A QUEST FOR THE NEURAL CODE
Although he still continues to do molecular studies, after moving to Boston University in 2004, Tsien took up a whole new avenue of investigation: searching for the neural code, the patterns of neuronal activity that define who we are. "The brain is not a piece of liver," says Tsien. "But if all you focus on is the molecular side of the process, when you get deeper and deeper it seems that everything is the same. You have a receptor on the cell surface and then a signaling cascade with kinases, phosphatases, transcription factors, and so on. So if you only look at the molecular side you're never going to crack the brain code."
So he and his colleagues have begun to explore what, exactly, a memory is. "We know a lot about how memory is laid down in the brain: by modification of NMDA receptor activity. And we know where memories are laid down. But what is a memory? At the neural network level, what kind of pattern is associated with the formation of memory?"
In addition to designing a device that allows the researchers to monitor simultaneously the activity of hundreds of neurons in the peanut-sized brain of an awake mouse, Tsien and his colleagues have come up with a novel behavioral approach to eliciting the formation of robust memories: for example, dropping the mice from a miniaturized murine version of Disney's Tower of Terror. "It seems that you need to experience that sort of thing only once and you remember it for a long, long, long, long time," laughs Tsien.

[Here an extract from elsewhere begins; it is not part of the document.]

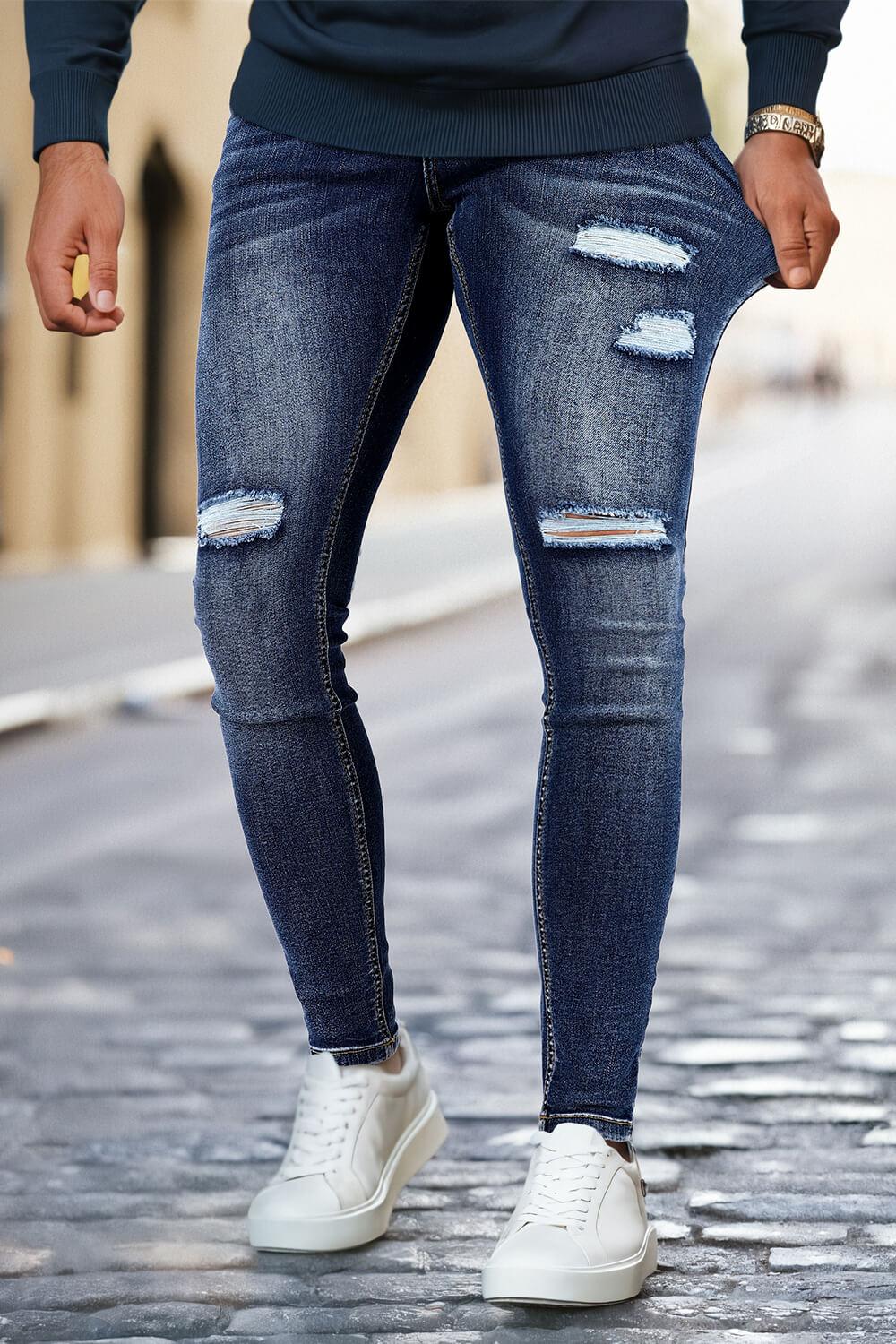 Men Stretch Skinny Jean - Dark Blue & Ripped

"I think they were trying to do something else and they shook the box the mouse was in and saw this huge increase in activity pattern," recalls Remus Osan, a postdoc who helps perform the mathematical analyses of these "startling" experiments. "I think that was Joe's inspiration."
It was an inspired choice. Using this approach, Tsien finds that he can look at the patterns of neural activity and predict whether an animal experienced a Tower-of-Terror type plummet versus, say, a simulated earthquake (placement on a vortex mixer) or a sudden loud noise. Approaching problems from a slightly different angle seems to work for Tsien. "When he got into the electrophysiology [in his recent work], most people were looking at place cells," says Osan. Place cells increase their firing rate when animals visit specific locations in their environment. "That was a well-established paradigm, yet we did things a bit differently. And I think that may be where his strength is. He's trying to address problems that are of interest to everyone from a slightly different point of view, thus bringing something different to the table."
"He's really trying to get at the big questions and I give him credit," says Malenka. "Through the sheer force of his intellect and drive and motivation, he's garnered the resources to do these really challenging and expensive kinds of experiments, and he's trying to move from molecules to network activity to understand one of the most fundamental functions of the mammalian brain."